Faccio un esempio della nostra realtà. All’interno della nostra azienda lavorano una decina di Information Designer. Sono persone con uno skill particolare e in grado, dato un set di dati o un concetto complesso, di trovare la forma di visualizzazione più appropriata.
Tra l’altro siamo fortunati perché a Milano, nella facoltà di Design del Politecnico di Milano, è stato costituito il Density Design, un centro di ricerca specializzato nella visualizzazione di dati. Le nostre persone provengono tutte da lì. Sono figure professionali molto richieste sul mercato. A questo si affiancano front-end developer che traducono in “codice” le visualizzazioni proposte dai designer, con un lavoro in team.
Quali sono le informazioni per cui è più richiesto un nuovo modello di visualizzazione (informazioni, articoli, dati, bilanci)?
Le aziende sono produttori di numeri. Li raccolgono, li utilizzano al loro interno e in parte li comunicano (alcuni più attrezzati li vendono pure).
Il marketing è sempre più una disciplina che raccoglie e gestisce numeri, così come la comunicazione, la produzione per non parlare della parte amministrativa e di controllo. L’esigenza di trovare modi nuovi di visualizzare questi dati è molto sentita.
Area in fortissima crescita per noi sono il supporto decisionale al top management, la visualizzazione dei dati di ricerche di mercato, la reportistica finanziari. In particolare nei bilanci c’è sempre più la necessità di spiegare concetti complessi come l’impatto ambientale, la responsabilità sociale, i modelli di business, il capitale umano ecc..
Che tipo di flussi hanno questi nuovi formati: nascono sul web e poi finiscono anche sulla carta?
In realtà nascono più sulla carta per poi trasferirsi nel web. La parte di progettazione e design parte sempre da un foglio e una matita. Su web poi si trova lo strumento, la libreria, o si scrive il pezzo di codice necessario per animare e rendere interattivo il formato.
Come cambia la filiera, e il processo di creazione, distribuzione ed archiviazione di questi nuovi formati?
La filiera dipende fortemente dal tipo di progetto, dall’esigenza dell’azienda o del media. In generale i media tendono (o dovrebbero tendere) ad avere tutta la filiera interna alla loro struttura.

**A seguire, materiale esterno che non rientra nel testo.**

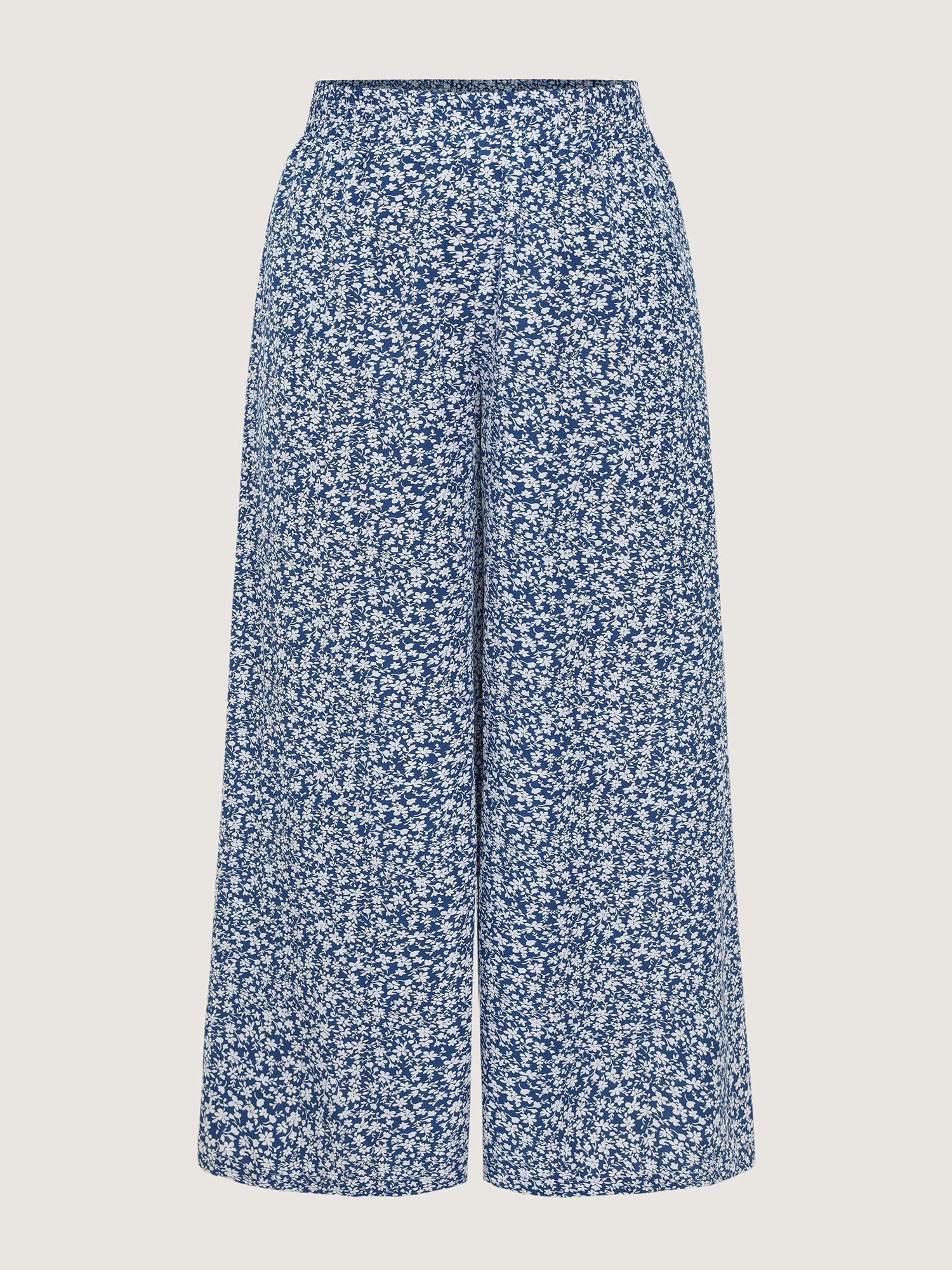 Micro Floral Print Wide-Leg Pants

I tempi su cui si muovono i media sono ridottissimi. Un giorno è già tanto. E per 365 giorni all’anno. Le aziende, pur con ritmi sempre serrati, possono usare delle strutture esterne che li aiutano nel trovare la soluzione ad hoc.
Poi una volta trovata e creata, soprattutto nel caso del web o della intranet aziendale, la gestione passa necessariamente all’azienda per l’aggiornamento e la distribuzione dei dati.